Craigslist search URLs typically look like:

  • city base: https://sfbay.craigslist.org
  • search path: /search/sss (for-sale, all)
  • query parameter: ?query=bike
  • pagination offset: &s=120 (offset in results)

Example:

https://sfbay.craigslist.org/search/sss?query=bike&s=120

On many pages you will see a static HTML results list that is easy to parse, with listing cards like:

<li class="cl-static-search-result" title="Classic Trek 720, 60cm">
  <a href="https://sfbay.craigslist.org/eby/bik/...html">
    <div class="title">Classic Trek 720, 60cm</div>
    <div class="details">
      <div class="price">$600</div>
      <div class="location">Lafayette</div>
    </div>
  </a>
</li>

We will parse those cards defensively (some listings are missing price/location).


Setup

python3 -m venv .venv
source .venv/bin/activate
pip install requests beautifulsoup4 lxml

Step 1: A resilient fetch layer (with optional ProxiesAPI)

The key design choice: keep your scraper split into fetch → parse → export.

When you do that, routing via ProxiesAPI is a tiny change: wrap the target URL at the fetch layer.

This example uses a common ProxiesAPI wrapper format:

http://api.proxiesapi.com/?auth_key=YOUR_KEY&url=https://target.com/...

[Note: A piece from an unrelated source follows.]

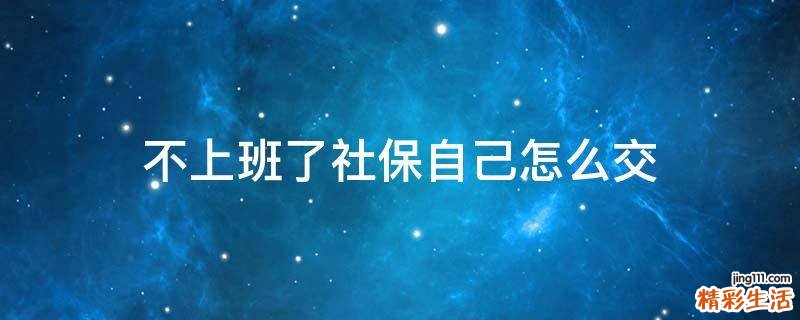 不上班了社保自己怎么交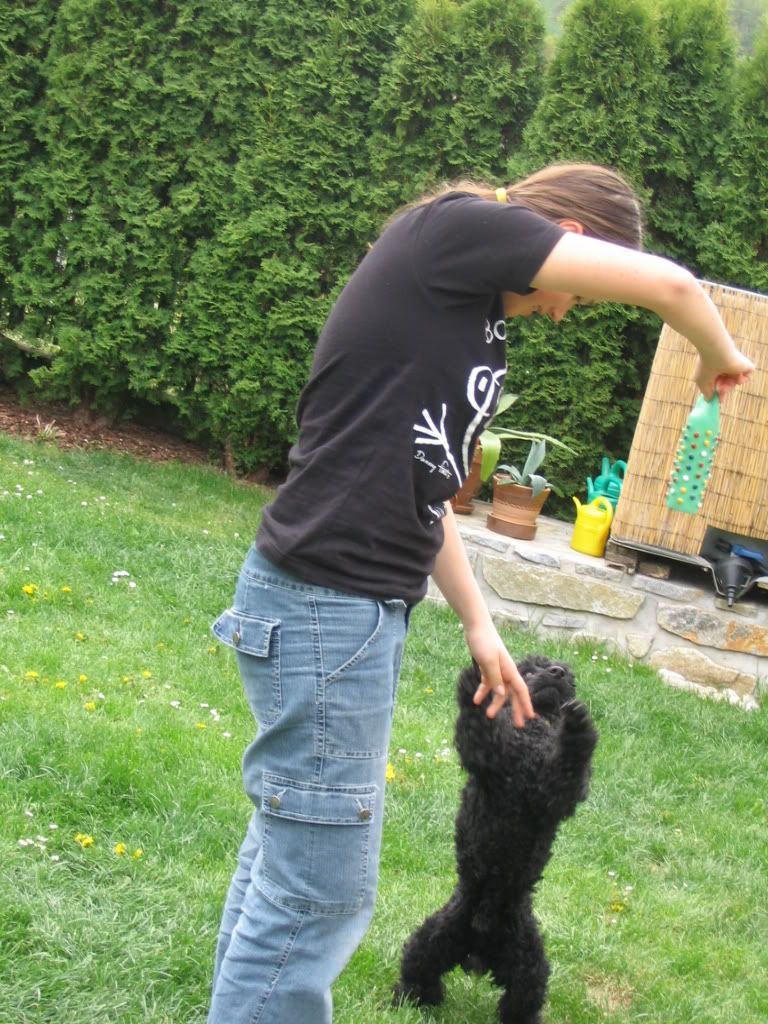 Photo Sharing and Video Hosting at Photobucket Photo Sharing and Video Hosting at Photobucket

If your ProxiesAPI endpoint shape differs, only proxiesapi_url() needs changing.

import csv
import os
import random
import time
from dataclasses import dataclass
from typing import Iterable
from urllib.parse import quote, urlencode, urljoin

import requests
from bs4 import BeautifulSoup

UA_POOL = [
    "Mozilla/5.0 (Macintosh; Intel Mac OS X 10_15_7) AppleWebKit/537.36 (KHTML, like Gecko) Chrome/126.0 Safari/537.36",
    "Mozilla/5.0 (Windows NT 10.0; Win64; x64) AppleWebKit/537.36 (KHTML, like Gecko) Chrome/126.0 Safari/537.36",
]

def proxiesapi_url(target_url: str) -> str:
    key = os.environ.get("PROXIESAPI_KEY")
    if not key:
        return target_url
    return f"http://api.proxiesapi.com/?auth_key={quote(key)}&url={quote(target_url, safe='')}"

@dataclass(frozen=True)
class FetchConfig:
    timeout: tuple[int, int] = (10, 30)
    max_retries: int = 4
    sleep_base: float = 0.8

class Fetcher:
    def __init__(self, cfg: FetchConfig = FetchConfig()):
        self.cfg = cfg
        self.session = requests.Session()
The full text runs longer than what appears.